P.J. Harvey was (is still) important to me – she was the closest I think I’d come to art in the Indie scene. This was a song that suddenly burst open with meaning for me, even though I had known and played it for years. I still get goose bumps when I hear it on my shuffle.
This just is what it is and it aint nothin’ less.
I had the pleasure of seeing Four Tet live a few months after this arrived in my email inbox with a message attached. Part of that message was “Today was a life changing day. Nothing has ever been this profound.” I’ve never gotten over that moment, or this song.
Around the same time that I was gifted Four Tet, I was gifted John Cage. I had never heard of him before, and I am proud and pleased to say I embraced that with everything inside of me to the point that I allow his writings to impact on my music appreciation, my relationship to the world of art, and even on my own writing. He is enormously important. A truly defining moment in my creative development.

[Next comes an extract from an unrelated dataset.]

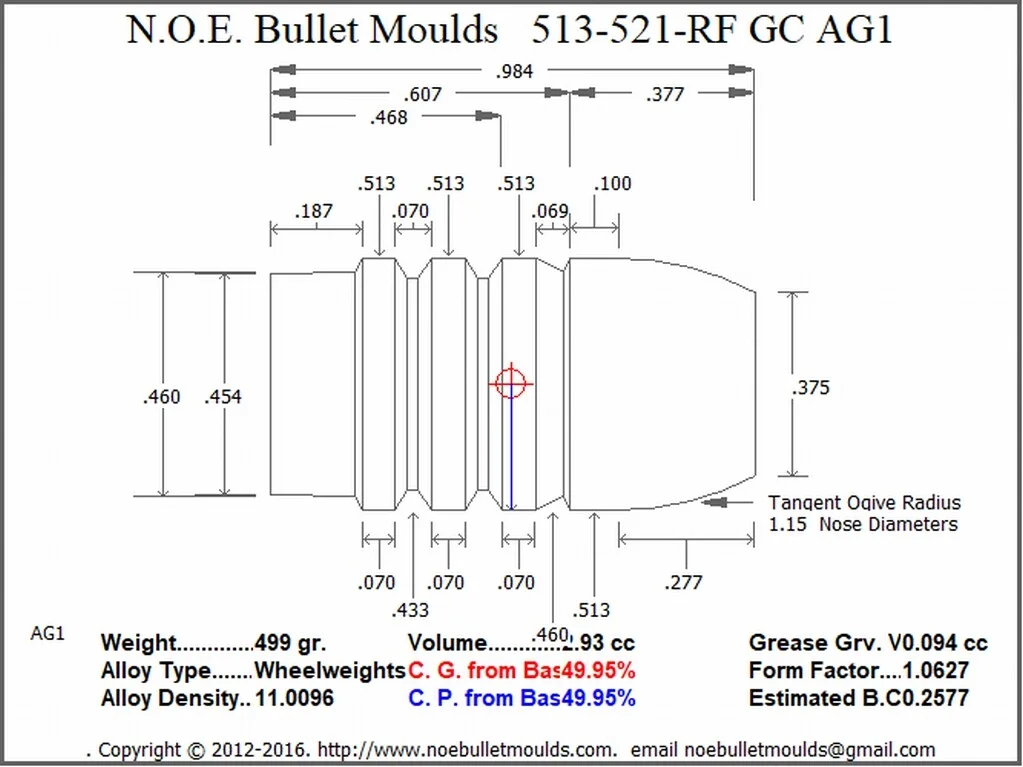 513-521-RF-AG1 3 Cavity GC Brass - Image 2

Jonathan Franzen said: “You have to love before you can be relentless.” This music taught me how to love and how to be relentless.
I can say, without hyperbole, that the day I heard this I was never the same again. This is song #5 on the list, Wire’s 100 records that set the world on fire while no one was watching. I am working my way through this list on my blog, because it broadened my perspective so much that I was able to receive in a way I had never been able to before. I had heard less than 10% of that list prior to the moment I first saw it. In this moment I can tell you – ignorance was not bliss. I owe everything to the person that brought that monumental world to me.
This was my introduction to excellent film (what a place to start) and it is a part of the first box set I ever owned. A box set that still sits in pride of place beside my bed.
I haven’t reviewed Hermann Nitsch on this blog yet, because I want to take a lot of time to do properly. I have an incredble book I read regularly, given to me after a holiday in Perth, that I adore. This isn’t music, but it moves me and belongs in this list.
One of the greatest moments of my life – seeing Sonny live.
There are so many other beautiful music moments I could add. Ami Yoshida, Creel Pone, Erstwhile Records, The NWW list, and other art works: Godard, Last Year in Marienbad, Tom Mc Carthy, Thomas Pynchon, and the promise. The promise that if art this beautiful can exist in the world, then so can we.
Thanks for sharing these , that Four Tet song has a very calming effect. There was a PJ Harvey song I heard the other day I loved called That was my veil. Not sure I understand the point of the John Cage video, care to elaborate?
If you like well-written songs ( Leonard Cohen for example), a new album I’m recommending this week on my blog is Redemption City, Joseph Arthur. Very impressed by lyrics!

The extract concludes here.